A post on "The Chennai 6" Facebook page said families were "understandably delighted" at the news.

They are now waiting to hear when they will be allowed home from India to their families.

The post said: "The Appeal Court has today found all 35 men not guilty. We now wait to hear as and when the men will be allowed home to their families.

"This may take some time whilst the authorities decide whether they agree with the outcome or wish to appeal.

"If they wish to appeal, the men might be released from prison but not allowed back to the UK.

"But the families are delighted that finally common sense and justice has prevailed."

Customs officials initially boarded the vessel and were said to have found 35 guns and almost 6,000 rounds of ammunition.

Charges against the British men were dropped but they were forced to remain in India while prosecutors pursued an appeal.

Billy's fiancee Yvonne McHugh, formerly of Neilston and now living in Paisley, said she was "over the moon" the men had been acquitted.

She added: "We are just waiting to hear how soon they'll be home.

"That's the biggest hurdle we faced and all of them have been acquitted."

Although the men have been cleared, Yvonne said she would be unable to speak to Billy as he is not yet out of prison and does not have a phone.

She added: "We just want them home as soon as possible.

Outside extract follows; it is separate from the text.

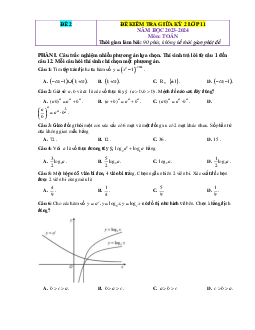 Đề kiểm tra giữa học kỳ 2 Toán 11 Cánh diều (giải chi tiết)-Đề 2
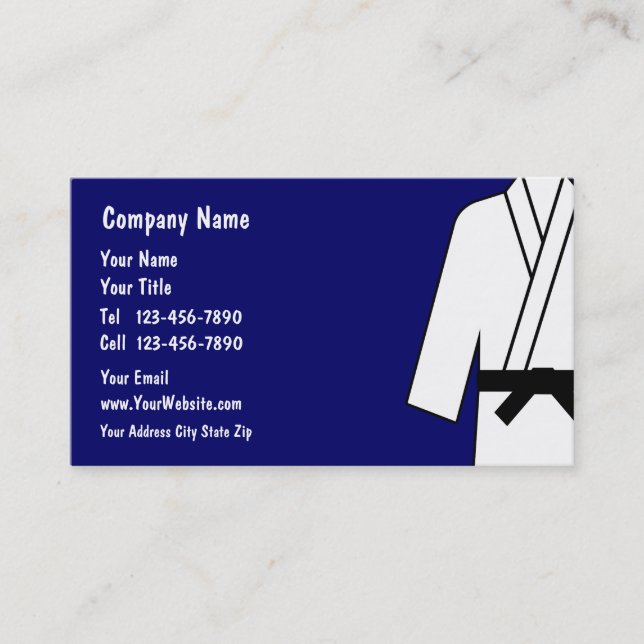 Tarjeta de visita de los artes marciales (Anverso)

"I'm absolutely ecstatic and feel proud we've managed to do this after four years."

News of the acquittal reached Downing Street, which said it will continue to offer consular assistance to the men.

Theresa May's official spokesman said: "The Government, from the Prime Minister down, has worked hard for over four years to support the men and their families and we share their happiness at the court's decision to give a full acquittal to each of the men.

"We are now working with the Indian authorities to discuss the next steps. We will continue to offer the men and their families consular assistance for as long as it is needed."

Foreign Secretary Boris Johnson added: "Since I became Foreign Secretary, this case has been a top priority for everybody at the Foreign Office (FCO) and today's verdict is fantastic news.

"The FCO has worked tirelessly behind the scenes to reunite these men with their families. The importance the UK Government places on their case cannot be understated.

"The men, their families and their supporters, who have campaigned unrelentingly, must be overjoyed.

"I share their delight and I hope they can return home as soon as possible."